* **Supplied information**
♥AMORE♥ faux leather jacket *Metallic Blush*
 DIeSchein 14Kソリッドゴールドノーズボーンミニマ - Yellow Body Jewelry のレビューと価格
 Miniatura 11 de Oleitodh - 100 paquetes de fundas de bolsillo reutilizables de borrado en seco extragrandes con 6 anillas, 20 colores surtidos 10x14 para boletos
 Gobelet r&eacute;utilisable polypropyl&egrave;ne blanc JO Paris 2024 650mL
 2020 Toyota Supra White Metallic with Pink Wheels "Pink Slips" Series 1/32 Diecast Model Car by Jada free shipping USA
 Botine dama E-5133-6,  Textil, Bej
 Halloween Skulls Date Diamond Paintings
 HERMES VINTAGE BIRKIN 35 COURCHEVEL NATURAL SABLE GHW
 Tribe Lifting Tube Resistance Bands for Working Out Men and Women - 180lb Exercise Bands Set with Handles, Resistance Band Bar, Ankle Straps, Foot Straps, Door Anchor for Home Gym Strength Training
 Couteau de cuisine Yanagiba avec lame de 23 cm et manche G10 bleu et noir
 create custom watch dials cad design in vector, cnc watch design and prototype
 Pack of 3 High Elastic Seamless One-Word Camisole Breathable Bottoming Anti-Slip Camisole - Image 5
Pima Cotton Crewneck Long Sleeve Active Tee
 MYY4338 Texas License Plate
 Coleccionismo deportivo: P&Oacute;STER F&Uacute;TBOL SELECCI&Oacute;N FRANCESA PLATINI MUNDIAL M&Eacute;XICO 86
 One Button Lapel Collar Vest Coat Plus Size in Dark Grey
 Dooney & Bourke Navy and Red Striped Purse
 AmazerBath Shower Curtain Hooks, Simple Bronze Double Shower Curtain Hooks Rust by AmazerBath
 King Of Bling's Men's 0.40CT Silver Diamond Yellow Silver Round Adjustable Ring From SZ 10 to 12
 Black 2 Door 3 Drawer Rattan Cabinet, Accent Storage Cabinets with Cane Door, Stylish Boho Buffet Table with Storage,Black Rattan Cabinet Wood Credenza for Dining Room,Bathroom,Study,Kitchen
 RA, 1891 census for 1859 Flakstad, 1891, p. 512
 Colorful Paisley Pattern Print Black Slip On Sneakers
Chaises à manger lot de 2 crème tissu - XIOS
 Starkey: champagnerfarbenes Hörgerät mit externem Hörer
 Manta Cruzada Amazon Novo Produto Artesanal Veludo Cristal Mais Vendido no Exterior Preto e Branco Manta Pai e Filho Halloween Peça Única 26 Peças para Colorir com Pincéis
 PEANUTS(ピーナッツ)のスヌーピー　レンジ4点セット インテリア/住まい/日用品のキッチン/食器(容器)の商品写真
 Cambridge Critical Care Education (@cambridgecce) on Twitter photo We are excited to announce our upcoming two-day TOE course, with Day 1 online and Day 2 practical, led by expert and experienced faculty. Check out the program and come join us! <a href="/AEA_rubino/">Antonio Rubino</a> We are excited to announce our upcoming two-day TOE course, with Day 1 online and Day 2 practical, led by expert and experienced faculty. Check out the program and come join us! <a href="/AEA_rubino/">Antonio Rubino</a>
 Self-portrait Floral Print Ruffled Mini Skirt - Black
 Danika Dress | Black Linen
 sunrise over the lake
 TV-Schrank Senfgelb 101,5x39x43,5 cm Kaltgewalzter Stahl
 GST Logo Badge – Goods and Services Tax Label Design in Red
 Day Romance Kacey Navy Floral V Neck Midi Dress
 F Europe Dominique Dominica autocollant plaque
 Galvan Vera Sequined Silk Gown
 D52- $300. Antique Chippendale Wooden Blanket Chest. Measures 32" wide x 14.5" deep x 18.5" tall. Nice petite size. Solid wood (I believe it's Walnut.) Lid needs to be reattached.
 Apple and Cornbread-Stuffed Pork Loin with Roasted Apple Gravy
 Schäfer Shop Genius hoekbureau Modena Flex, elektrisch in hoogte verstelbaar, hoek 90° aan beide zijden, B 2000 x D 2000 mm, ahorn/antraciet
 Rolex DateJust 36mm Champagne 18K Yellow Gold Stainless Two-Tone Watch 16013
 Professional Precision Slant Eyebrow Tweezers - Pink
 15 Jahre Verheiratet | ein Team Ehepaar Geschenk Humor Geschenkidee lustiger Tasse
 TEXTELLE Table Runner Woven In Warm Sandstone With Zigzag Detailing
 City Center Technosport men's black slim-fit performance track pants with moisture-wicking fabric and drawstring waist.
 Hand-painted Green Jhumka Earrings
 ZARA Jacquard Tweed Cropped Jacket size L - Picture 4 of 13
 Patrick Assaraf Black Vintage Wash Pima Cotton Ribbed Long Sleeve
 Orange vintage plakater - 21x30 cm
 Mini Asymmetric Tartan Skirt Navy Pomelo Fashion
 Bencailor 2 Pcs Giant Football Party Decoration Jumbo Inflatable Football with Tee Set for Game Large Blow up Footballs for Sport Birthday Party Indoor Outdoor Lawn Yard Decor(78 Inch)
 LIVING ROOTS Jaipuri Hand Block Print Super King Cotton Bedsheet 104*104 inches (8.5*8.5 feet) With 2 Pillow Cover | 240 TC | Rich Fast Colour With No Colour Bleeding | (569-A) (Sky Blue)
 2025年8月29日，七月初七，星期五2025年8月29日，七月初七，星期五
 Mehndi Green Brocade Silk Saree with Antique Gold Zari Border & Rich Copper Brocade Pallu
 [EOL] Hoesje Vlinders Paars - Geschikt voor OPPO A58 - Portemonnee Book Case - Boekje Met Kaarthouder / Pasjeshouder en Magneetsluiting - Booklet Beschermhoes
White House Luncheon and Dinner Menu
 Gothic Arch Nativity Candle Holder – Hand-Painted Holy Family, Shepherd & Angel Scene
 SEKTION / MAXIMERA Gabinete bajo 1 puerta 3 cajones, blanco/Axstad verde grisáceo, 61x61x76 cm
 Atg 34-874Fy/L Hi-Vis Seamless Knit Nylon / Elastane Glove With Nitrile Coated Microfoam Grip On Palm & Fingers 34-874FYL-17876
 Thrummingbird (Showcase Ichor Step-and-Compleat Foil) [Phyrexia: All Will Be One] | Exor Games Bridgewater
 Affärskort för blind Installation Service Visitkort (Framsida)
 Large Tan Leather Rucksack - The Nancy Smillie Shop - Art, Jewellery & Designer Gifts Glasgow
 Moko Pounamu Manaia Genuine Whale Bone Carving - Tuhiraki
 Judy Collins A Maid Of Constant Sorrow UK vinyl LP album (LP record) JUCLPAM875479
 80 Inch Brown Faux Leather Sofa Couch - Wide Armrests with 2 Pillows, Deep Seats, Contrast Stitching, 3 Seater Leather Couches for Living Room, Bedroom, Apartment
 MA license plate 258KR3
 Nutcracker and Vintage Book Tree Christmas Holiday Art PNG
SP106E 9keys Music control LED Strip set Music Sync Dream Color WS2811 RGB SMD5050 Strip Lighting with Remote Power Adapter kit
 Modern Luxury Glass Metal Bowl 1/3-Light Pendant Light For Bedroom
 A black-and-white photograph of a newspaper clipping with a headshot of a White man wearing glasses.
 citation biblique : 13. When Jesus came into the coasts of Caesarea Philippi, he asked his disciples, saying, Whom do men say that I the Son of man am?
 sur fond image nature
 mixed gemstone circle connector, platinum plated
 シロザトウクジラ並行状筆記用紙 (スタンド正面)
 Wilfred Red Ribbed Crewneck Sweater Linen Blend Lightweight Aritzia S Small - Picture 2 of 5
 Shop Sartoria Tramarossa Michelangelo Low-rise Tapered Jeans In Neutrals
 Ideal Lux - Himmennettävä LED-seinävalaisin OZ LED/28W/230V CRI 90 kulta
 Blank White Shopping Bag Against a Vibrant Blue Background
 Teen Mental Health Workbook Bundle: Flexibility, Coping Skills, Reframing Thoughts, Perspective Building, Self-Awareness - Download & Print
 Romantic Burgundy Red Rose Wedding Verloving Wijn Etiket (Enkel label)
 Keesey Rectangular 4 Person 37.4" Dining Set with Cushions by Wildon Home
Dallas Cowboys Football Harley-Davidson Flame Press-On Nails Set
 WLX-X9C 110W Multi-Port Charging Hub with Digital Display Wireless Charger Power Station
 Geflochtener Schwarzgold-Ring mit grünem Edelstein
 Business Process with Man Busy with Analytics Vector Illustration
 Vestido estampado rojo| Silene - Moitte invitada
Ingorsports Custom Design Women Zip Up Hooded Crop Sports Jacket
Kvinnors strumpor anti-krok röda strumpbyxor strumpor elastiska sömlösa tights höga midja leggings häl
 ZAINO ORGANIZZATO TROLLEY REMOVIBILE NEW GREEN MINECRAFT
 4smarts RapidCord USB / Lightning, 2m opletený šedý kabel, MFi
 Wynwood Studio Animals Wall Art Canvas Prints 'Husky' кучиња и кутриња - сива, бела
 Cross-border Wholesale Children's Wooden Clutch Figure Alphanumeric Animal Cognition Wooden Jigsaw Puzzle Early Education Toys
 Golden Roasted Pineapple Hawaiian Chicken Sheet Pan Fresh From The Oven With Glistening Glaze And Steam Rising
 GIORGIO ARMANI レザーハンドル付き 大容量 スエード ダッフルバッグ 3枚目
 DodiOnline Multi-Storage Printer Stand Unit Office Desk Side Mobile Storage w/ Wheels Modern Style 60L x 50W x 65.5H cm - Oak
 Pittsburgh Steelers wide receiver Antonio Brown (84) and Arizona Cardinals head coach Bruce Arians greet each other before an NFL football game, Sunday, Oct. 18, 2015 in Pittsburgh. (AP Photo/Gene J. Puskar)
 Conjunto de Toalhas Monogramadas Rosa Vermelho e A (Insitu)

* **About this task**
Look above for the line containing "Couteau de cuisine". Output from there through the line containing "Coleccionismo deportivo: P&Oacute;STER", exactly and inclusively.

* **Output below**
 Couteau de cuisine Yanagiba avec lame de 23 cm et manche G10 bleu et noir
 create custom watch dials cad design in vector, cnc watch design and prototype
 Pack of 3 High Elastic Seamless One-Word Camisole Breathable Bottoming Anti-Slip Camisole - Image 5
Pima Cotton Crewneck Long Sleeve Active Tee
 MYY4338 Texas License Plate
 Coleccionismo deportivo: P&Oacute;STER F&Uacute;TBOL SELECCI&Oacute;N FRANCESA PLATINI MUNDIAL M&Eacute;XICO 86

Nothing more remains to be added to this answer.